Tanner considers the amendments friendly, and was confident the House would approve them before sending the legislation to Deal to sign into law. The governor praised the House version and has made low-performing schools one of his top priorities.
A major criticism of the bill, a lack of funding to assist in improving schools, was at least partially addressed Tuesday. Deal got about $2.2 million added for school turnaround in the next fiscal year budget.
The First Priority Act, as the bill is now called, uses a mix of collegiality and arm-twisting to engage local school leaders.
State law has long allowed the state to step in with failing schools, but the Department of Education has not intervened to the full extent allowed. One reason for pushing last year’s proposed constitutional amendment was a need to clarify state authority to take control of schools, supporters of that effort said.
This new legislation gets the school districts to allow the state to come in by making them an offer they probably can’t refuse: All but two of Georgia’s 180 school districts have signed “flexibility” contracts giving them waivers from state mandates for things like maximum class sizes or a minimum number of annual school days. Those waivers save money, and school districts that refuse to cooperate would lose their waivers.
Intervention starts out as a collaboration on an improvement plan developed with help from a consultant. Schools, the consultant and the state will determine “the root causes” of low school performance.
The school districts must then implement the plans at their own expense, unless they can show financial hardship.
Failure to improve after three years will bring out the paddle. Among the punitive measures are termination of school staff, takeover by a nonprofit manager or by another school district, conversion to a charter school or a mandate to bus children to a higher-performing school.

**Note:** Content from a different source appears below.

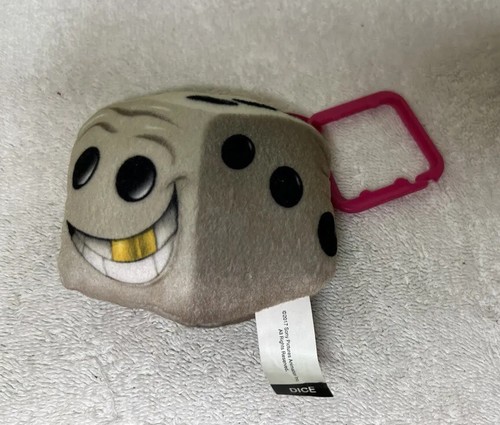 Emoji Würfel McDonalds Happy Meal Spielzeug 2017 Emoji Film - Bild 1 von 4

Low-performing schools will be targeted from a list developed by the Georgia Department of Education and its chief, Superintendent Richard Woods.
Woods and Deal have been in a tug-of-war over control of the turnaround program, but both the House and Senate sided with Deal. The person who will run the state’s turnaround program, the chief turnaround officer, will report to the Georgia Board of Education, which sets policy for the state education department and is appointed by the governor.
Most education lobbying groups — and Democrats — wanted the turnaround chief reporting to Woods, arguing that it made sense to embed the position within the chain of command of an elected official with a staff of hundreds of career educators.
Though HB 338 passed the Senate by an overwhelming 37-18, it was mostly a Republican affair: fewer than a third of Democrats voted for it, unlike in the House, where passage was bipartisan.
One difference was leadership: in the House, Rep. Stacey Abrams, D-Atlanta, the Democratic leader, urged her party to support the bill, and half the Democratic representatives did. But in the Senate, all of the Democrat leadership voted against it.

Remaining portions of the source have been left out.